● INFORMATION:
*** Block opens ***

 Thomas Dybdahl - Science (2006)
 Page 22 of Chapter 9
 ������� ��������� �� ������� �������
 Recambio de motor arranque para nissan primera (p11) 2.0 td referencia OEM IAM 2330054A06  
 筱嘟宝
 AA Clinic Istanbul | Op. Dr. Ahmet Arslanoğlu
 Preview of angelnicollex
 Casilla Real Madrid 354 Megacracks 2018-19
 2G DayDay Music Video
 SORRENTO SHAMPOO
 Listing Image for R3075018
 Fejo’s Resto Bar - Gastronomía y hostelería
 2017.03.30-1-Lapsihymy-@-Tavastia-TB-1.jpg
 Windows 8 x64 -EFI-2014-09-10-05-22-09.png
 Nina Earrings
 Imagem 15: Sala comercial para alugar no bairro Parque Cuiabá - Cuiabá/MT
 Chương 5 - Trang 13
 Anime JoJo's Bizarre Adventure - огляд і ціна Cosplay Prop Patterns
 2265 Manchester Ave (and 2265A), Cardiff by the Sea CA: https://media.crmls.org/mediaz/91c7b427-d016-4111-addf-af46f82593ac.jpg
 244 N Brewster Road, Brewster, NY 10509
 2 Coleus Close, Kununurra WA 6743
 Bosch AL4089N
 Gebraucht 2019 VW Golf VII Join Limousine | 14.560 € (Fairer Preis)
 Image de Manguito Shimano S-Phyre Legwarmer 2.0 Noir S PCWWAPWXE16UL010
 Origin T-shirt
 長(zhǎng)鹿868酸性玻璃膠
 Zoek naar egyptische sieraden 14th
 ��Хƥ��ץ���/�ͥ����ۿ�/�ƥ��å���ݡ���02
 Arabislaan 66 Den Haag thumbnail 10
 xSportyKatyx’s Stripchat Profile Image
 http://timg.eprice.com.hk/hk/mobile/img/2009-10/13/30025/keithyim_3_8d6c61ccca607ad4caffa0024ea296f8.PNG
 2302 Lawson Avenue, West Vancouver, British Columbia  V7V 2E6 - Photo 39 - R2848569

*** Block closes ***

● WHAT TO DO:
Reproduce all of the data above, exactly and without omission.

● THE COMPLETED TASK:
 Thomas Dybdahl - Science (2006)
 Page 22 of Chapter 9
 ������� ��������� �� ������� �������
 Recambio de motor arranque para nissan primera (p11) 2.0 td referencia OEM IAM 2330054A06  
 筱嘟宝
 AA Clinic Istanbul | Op. Dr. Ahmet Arslanoğlu
 Preview of angelnicollex
 Casilla Real Madrid 354 Megacracks 2018-19
 2G DayDay Music Video
 SORRENTO SHAMPOO
 Listing Image for R3075018
 Fejo’s Resto Bar - Gastronomía y hostelería
 2017.03.30-1-Lapsihymy-@-Tavastia-TB-1.jpg
 Windows 8 x64 -EFI-2014-09-10-05-22-09.png
 Nina Earrings
 Imagem 15: Sala comercial para alugar no bairro Parque Cuiabá - Cuiabá/MT
 Chương 5 - Trang 13
 Anime JoJo's Bizarre Adventure - огляд і ціна Cosplay Prop Patterns
 2265 Manchester Ave (and 2265A), Cardiff by the Sea CA: https://media.crmls.org/mediaz/91c7b427-d016-4111-addf-af46f82593ac.jpg
 244 N Brewster Road, Brewster, NY 10509
 2 Coleus Close, Kununurra WA 6743
 Bosch AL4089N
 Gebraucht 2019 VW Golf VII Join Limousine | 14.560 € (Fairer Preis)
 Image de Manguito Shimano S-Phyre Legwarmer 2.0 Noir S PCWWAPWXE16UL010
 Origin T-shirt
 長(zhǎng)鹿868酸性玻璃膠
 Zoek naar egyptische sieraden 14th
 ��Хƥ��ץ���/�ͥ����ۿ�/�ƥ��å���ݡ���02
 Arabislaan 66 Den Haag thumbnail 10
 xSportyKatyx’s Stripchat Profile Image
 http://timg.eprice.com.hk/hk/mobile/img/2009-10/13/30025/keithyim_3_8d6c61ccca607ad4caffa0024ea296f8.PNG
 2302 Lawson Avenue, West Vancouver, British Columbia  V7V 2E6 - Photo 39 - R2848569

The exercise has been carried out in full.